We thought, perhaps, there might be at least four communities of people that would be willing to get involved in this type of OGC activity.

Then the other topic was, how do we push the research issue of coming up with feature types? One suggestion was to start with the SDTS, Spatial Data Transfer Standard, Part II, as a starting point for feature types, and to work with people who are already involved, who already have a list of feature types in their own gazetteers. And put up a matrix, if you will, and start comparing and seeing what is a minimal set. What differences are there? What can we live with?
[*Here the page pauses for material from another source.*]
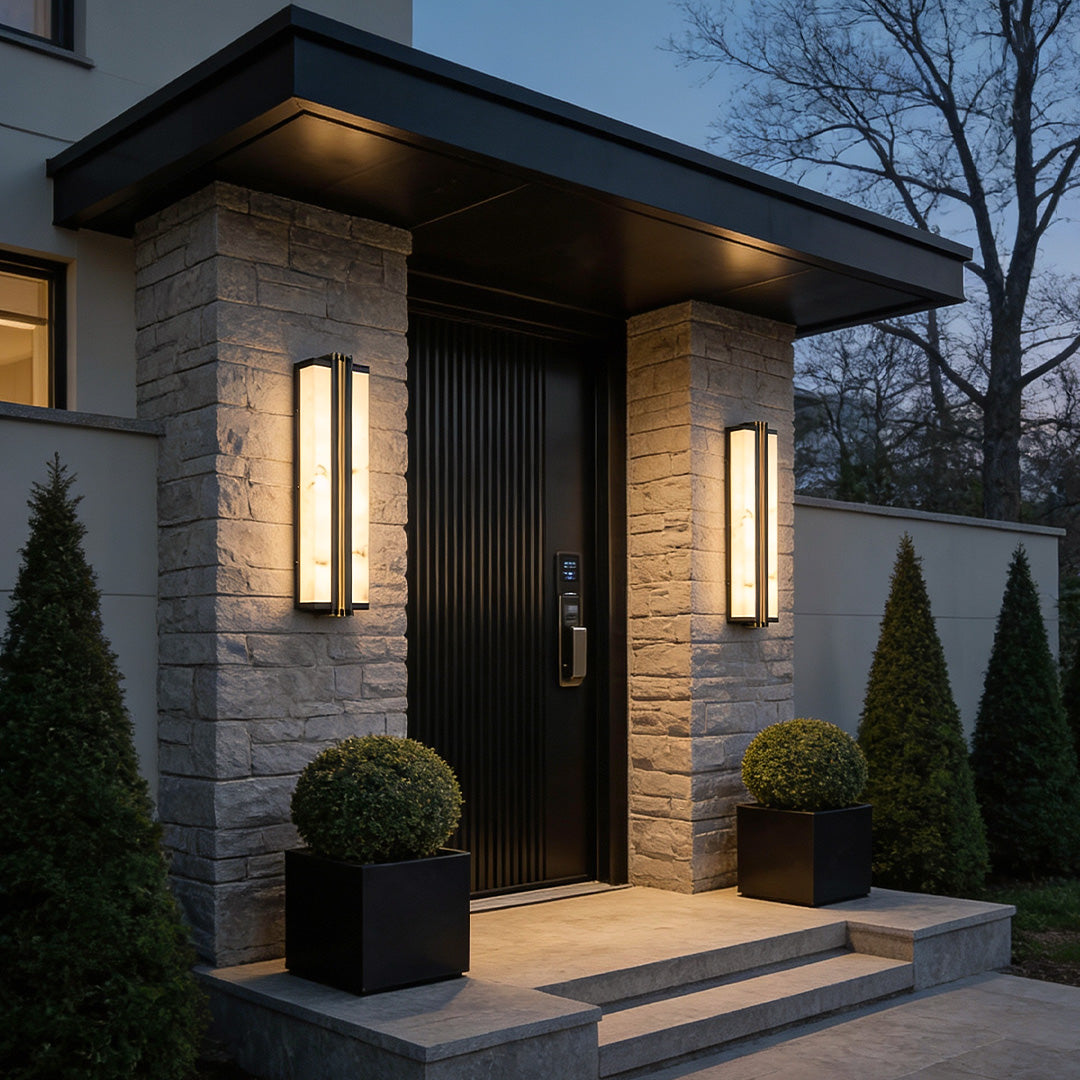 Outdoor vertical wall light mounted on stone porch entrance creating a modern architectural lighting effect.
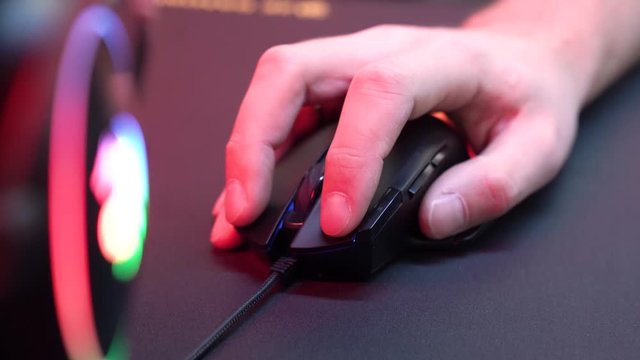 A gamer is playing in a computer club. In the frame, the hand of a gamer and a gaming mouse. Red and violet colors. ESports competitions.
What can we negotiate, what do we have to change?  But this is a perfectly legitimate research topic, and this is one that has to be solved before you can go on.

At that point we sort of ended. But there is still one open issue. If you are going to do away with gazetteers, we still have to name it something. Some suggested replacements for "gazetteer" are: nom de loc, digitteer, geoindex, repertoire, and then we ran out. With that, that’s the end of my talk.

Mike Goodchild -  Any questions, any further comments from Group 2?

Doug - "Geographic locator" is a possible name.